The opening scene demonstrates the potency of the elements Draffin is exploiting here. The play begins in blackness, with Woodward bowing haunting melodies from his guitar. Very gradually, a dim light rises on the far end of the stage: a white figure is partially revealed in the distance. It seems to float in a globe of light through the darkness, like a ghost or a goddess, and moves towards us with hieratic slowness.

It is impossible to tell whether the figure is male or female until he is quite close: then you see it is a half-naked man (Alan Knoepfler), who is wearing a long, white, very full skirt that is held up on either side, like royal robes, by the stage attendants. He collapses before us face forward on the small stage, the skirt like a foaming wave that has washed him up from the darkness.

Knoepfler's performance of the old gardener devastated by obsessive erotic love is utterly compelling. He is on stage, mostly solo, for the whole play, and maintains without wavering the physical, vocal and emotional extremity of his performance. His body is the expressive site of his ecstatic torment and self disgust: he is in turn grotesque, abject, ennobled, despairing, tender. He is well met by Mary Sitarenos as the woman, whose entrance late in the show is almost as beautiful as Knoepfler's.

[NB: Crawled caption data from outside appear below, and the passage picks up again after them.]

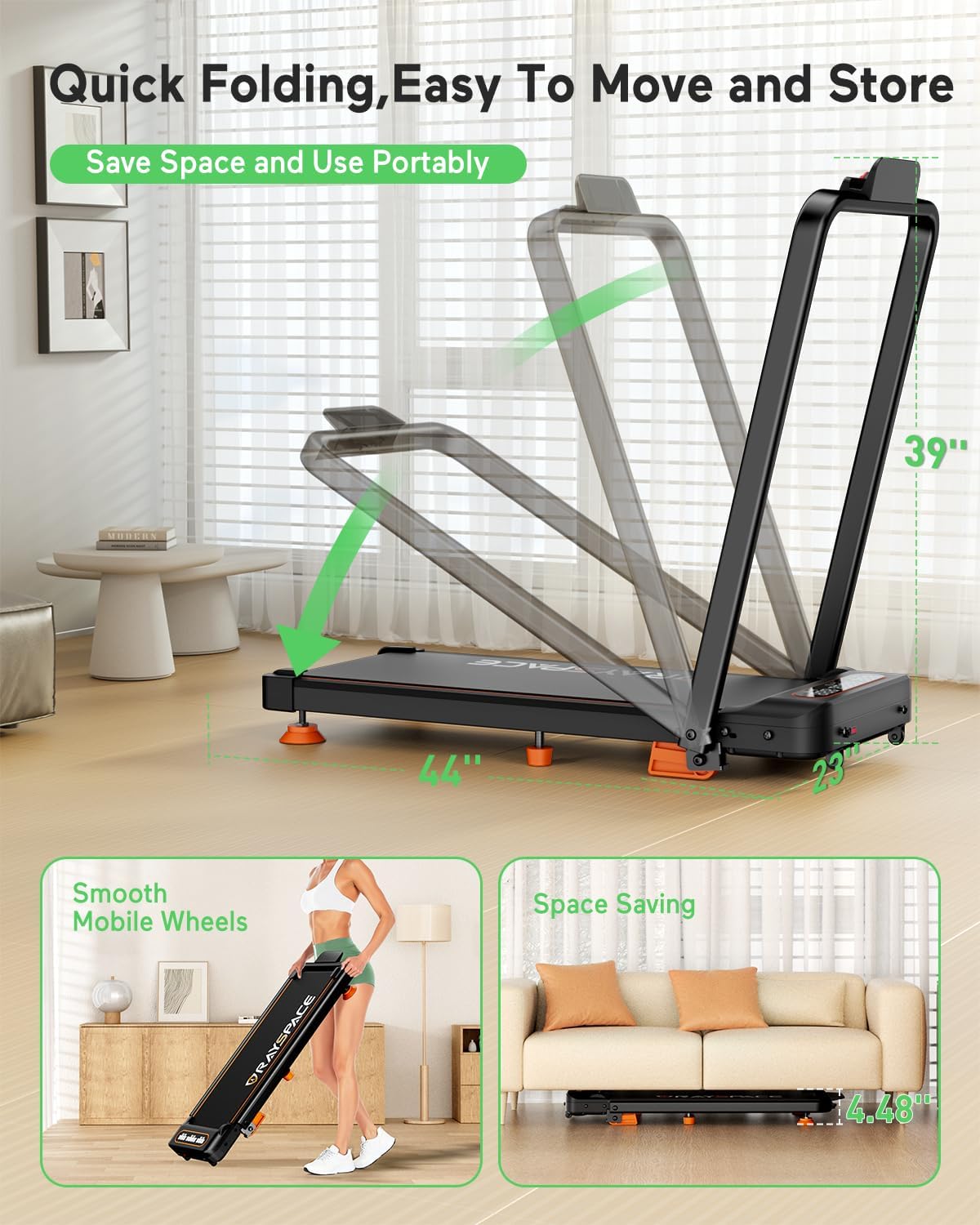 Walking Pad Treadmill with Incline, Upgraded 3.5HP Walking Pad with Handle Bar, 350Lbs Foldable Portable Treadmills for Home Office, 4 in 1 Under Desk Treadmill with Remote Control & APP, LED Display - Image 4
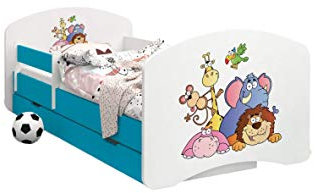 HappyBabies - Doppelseitiges Kinderbett MIT SCHUBLADE Modernes Design mit sicheren Kanten und Absturzsicherung Schaumstoffmatratze 7 cm Blau (Safari, 180x90)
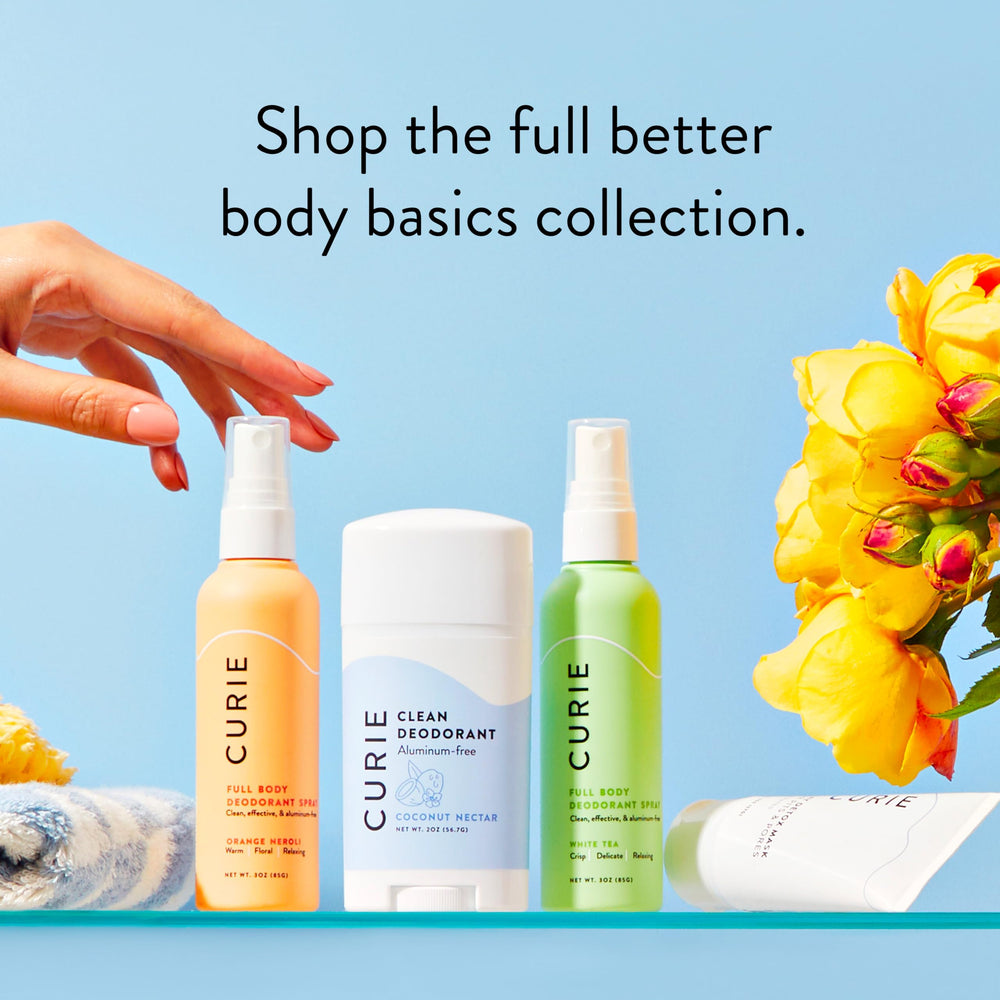 Curie deodorant application spray showing quick, easy refresh.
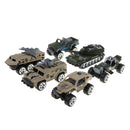 6 Pieces Kids Toy Model Alloy Diecast Car 1:64 Vehicle Model Set Collection Gift - Army Cars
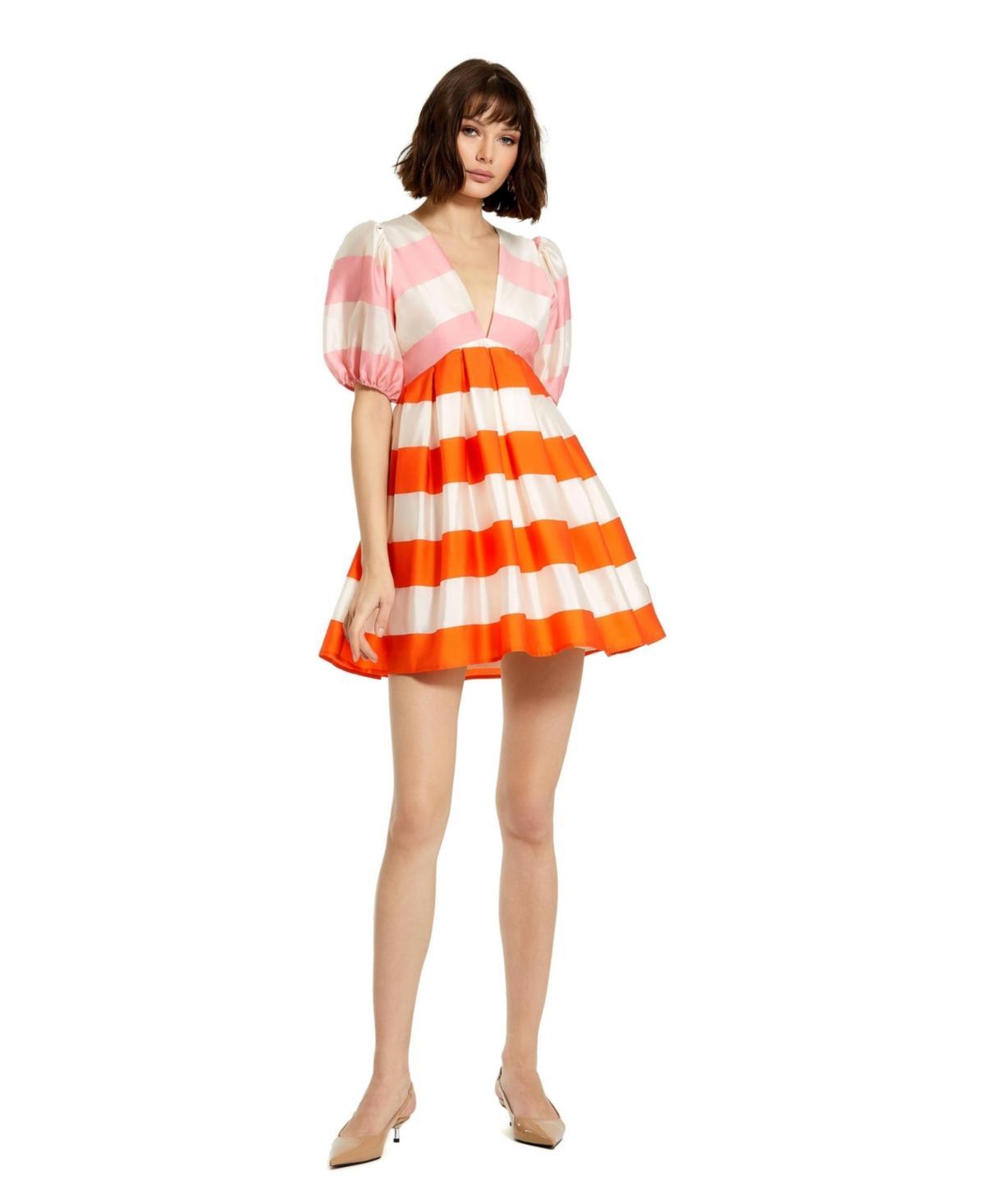 Womens Striped Organza Puff-Sleeve Minidress product image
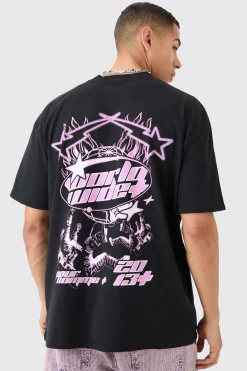 Oversized Worldwide Astronaut Graphic T-shirt | UK^boohooMAN Online
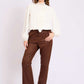 Women Regular Fit Pants Brown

There are more than a few moments of breath-taking mise en scene in the course of this show. If it has flaws, they are of the kind that are hard to pinpoint: slight hesitancies, perhaps, that may manifest in an overdressed moment here or there. Its strength, as in the writing it is manifesting, is in its simplicity, the courage of both restraint and passion that underlies formal artistic beauty.

The Damask Drum is not only theatre that has poetry in it - which is one thing - but something rather more rare: a poetic theatre, working transformations rich and strange.